Companies that suppress their takings, thereby evading tax, may live on the fat of the land for a while. However, as a tax tribunal ruling showed, the corporate veil often affords limited financial protection to their directors when HM Revenue and Customs (HMRC) comes calling to rain on their parade.
The case concerned the sole director and shareholder of a company that provided a takeaway pizza business. Following an investigation, HMRC took the view that the company's turnover had been systematically supressed. Using its best judgment, HMRC assessed the company for £74,170 in VAT.
A penalty of £9,128 was imposed on the company in respect of two VAT periods on the basis that its behaviour had been deliberate. A personal liability notice (PLN) was raised against the director in the same amount after HMRC concluded that the company's inaccuracies were attributable to him.

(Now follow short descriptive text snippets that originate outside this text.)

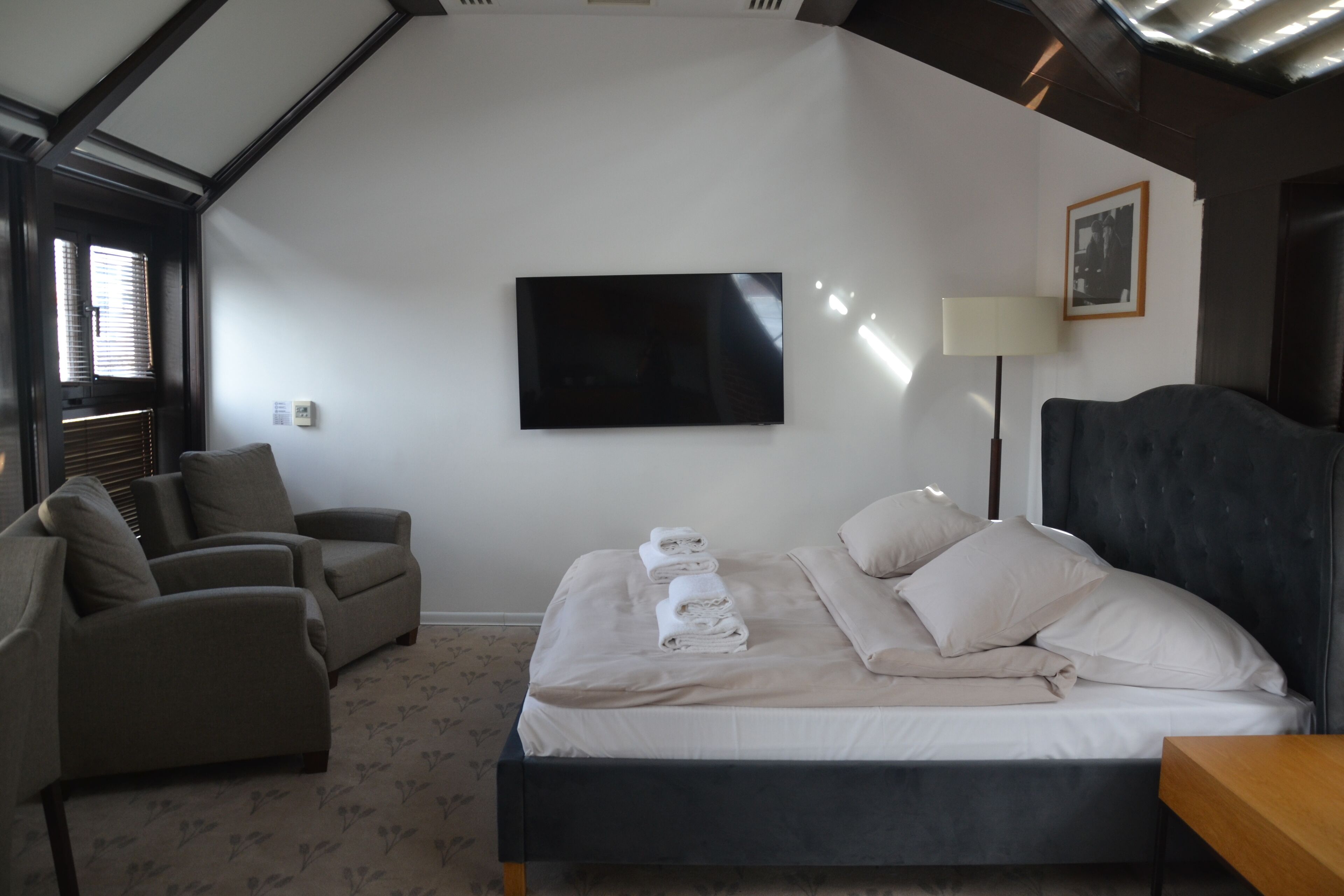 Un dormitorio con una cama, dos sillones, un televisor de pantalla plana y una lámpara de noche.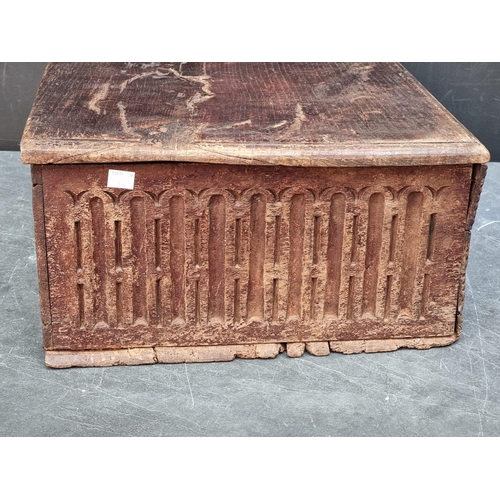 1071 - A late 17th century carved oak boarded bible box, 55cm wide. 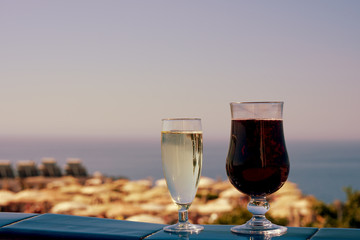 Two glasses of wine on the balcony of the luxurious hotel, illustrating wonderful vacations.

The company, which had meanwhile entered liquidation and was eventually struck off, suffered a further blow when HMRC also issued it with a penalty in respect of unpaid Corporation Tax. As a result, the director was soon afterwards hit with a further PLN in the sum of £71,537.
After the director appealed, the First-tier Tribunal upheld the VAT PLN in full. In reducing the Corporation Tax PLN to £31,399, however, it found that HMRC had failed to prove that the company had acted deliberately in respect of part of its liability. The director's overall bill was cut from £80,666 to £40,527.